YM: MARPA is a PMA lobbying group in Washington DC and Europe, and at the last MARPA event in San Diego in November we were literally having that discussion. The real issue is the marketing OEMs are doing. There's a perception from years ago about bad PMA going horribly wrong; someone didn't fully understand the system requirements and it caused a failure, loss of an aircraft or an accident. OEMs continue to push that narrative to the airlines and MRO shops. MARPA exists so that you can reach engineers who manage fleets to debunk the myth of PMAs being inferior because they are half the price of OEMs. That narrative is why we aren't there. The future opportunity is the more success companies like ADPma, HEICO, Jet Parts and that ecosystem has, the more we are debunking the myth as a whole.
YM: People see our parts and sit the OEM next to ours, and are shocked by the quality difference from an engineering perspective. They ask how we made something like this and the OEM didn't.
RW: I went to one of the first MARPA meetings 20 years ago and sat next to two engineers and purchasing people, and I overheard them talking down the PMA process. They were sitting there to understand who was there but I would hear them say that a PMA house doesn't go through the testing. That is all a myth because the FAA has to be satisfied. There are myths out there that we simply reverse engineer without doing any of the testing, which many people used to believe.
YM: Here is a good one on the reverse for that mythology. When I came here, ADPma's philosophy was you have to pass the test; you get it done. You guys had no idea that 85% of the time OEM's ask for a waiver of the requirement from the regulators, so the OEM is the one who didn't meet the real requirement. PMA houses have no insight to that so were surprised when I asked why they couldn't say they were done.
DB: We didn't realize you could ask for a waiver for a requirement because, in our engineering brains, it's a checklist of requirements which we have to complete, but the OEMs don't operate that way. If they come across a problem during testing, they would simply ask for a waiver. They know they needed 4,000 psi but could only get 3,500 psi, and the OEM will do their analysis and say that's good.

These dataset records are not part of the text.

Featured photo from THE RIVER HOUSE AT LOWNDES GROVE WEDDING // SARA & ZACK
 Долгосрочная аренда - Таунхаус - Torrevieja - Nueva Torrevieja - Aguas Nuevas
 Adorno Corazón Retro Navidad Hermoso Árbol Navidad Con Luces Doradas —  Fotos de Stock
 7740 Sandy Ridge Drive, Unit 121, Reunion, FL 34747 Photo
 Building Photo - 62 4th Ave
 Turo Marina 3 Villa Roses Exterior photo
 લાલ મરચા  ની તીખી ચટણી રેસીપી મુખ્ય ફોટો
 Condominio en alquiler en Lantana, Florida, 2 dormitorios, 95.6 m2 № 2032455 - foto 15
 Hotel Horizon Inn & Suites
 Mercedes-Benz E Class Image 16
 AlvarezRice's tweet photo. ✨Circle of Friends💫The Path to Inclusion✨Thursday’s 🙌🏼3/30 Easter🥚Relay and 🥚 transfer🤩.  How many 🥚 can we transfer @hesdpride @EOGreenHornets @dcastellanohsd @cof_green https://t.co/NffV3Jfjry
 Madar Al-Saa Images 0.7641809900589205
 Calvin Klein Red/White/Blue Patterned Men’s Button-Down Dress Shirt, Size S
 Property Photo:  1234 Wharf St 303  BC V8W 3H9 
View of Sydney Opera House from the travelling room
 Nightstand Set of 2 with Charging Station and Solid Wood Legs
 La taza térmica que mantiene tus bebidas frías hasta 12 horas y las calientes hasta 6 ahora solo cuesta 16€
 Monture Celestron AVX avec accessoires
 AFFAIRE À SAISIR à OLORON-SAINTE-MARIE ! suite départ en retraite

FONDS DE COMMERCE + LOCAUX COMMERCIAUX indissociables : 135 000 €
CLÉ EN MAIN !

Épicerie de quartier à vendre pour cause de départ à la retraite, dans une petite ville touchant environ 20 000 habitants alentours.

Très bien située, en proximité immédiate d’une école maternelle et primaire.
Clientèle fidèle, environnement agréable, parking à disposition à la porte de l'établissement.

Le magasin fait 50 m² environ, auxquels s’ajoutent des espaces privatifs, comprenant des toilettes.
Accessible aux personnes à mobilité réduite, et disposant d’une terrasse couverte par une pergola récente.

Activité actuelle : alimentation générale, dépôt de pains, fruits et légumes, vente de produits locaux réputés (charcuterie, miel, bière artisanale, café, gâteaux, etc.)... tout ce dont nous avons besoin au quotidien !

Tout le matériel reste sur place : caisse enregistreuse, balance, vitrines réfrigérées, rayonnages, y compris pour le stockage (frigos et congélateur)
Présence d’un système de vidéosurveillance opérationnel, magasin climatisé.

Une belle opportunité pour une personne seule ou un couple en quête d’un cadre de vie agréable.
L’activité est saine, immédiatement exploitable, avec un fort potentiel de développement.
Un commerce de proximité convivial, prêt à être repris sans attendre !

YM: The manuals all say you have to go to 4,000, which means that someone else designing that who didn't know this waiver existed, are trying to complete Mission Impossible, but most of the times you guys completed it.
RW: This is why our parts can last longer because we use modern technology and thinking and figured out a way to make the thing pass the test.
YM: The real challenge is debunking that myth.
YM: That's changing too.
DB: Most of the parts we do are replaceable, so you could put our part on a leased engine and when it's done with its cycle, replace the OEM part and you're back where you started. You're not decreasing the value of the leased asset because it's an expendable item which is being replaced on some regular schedule.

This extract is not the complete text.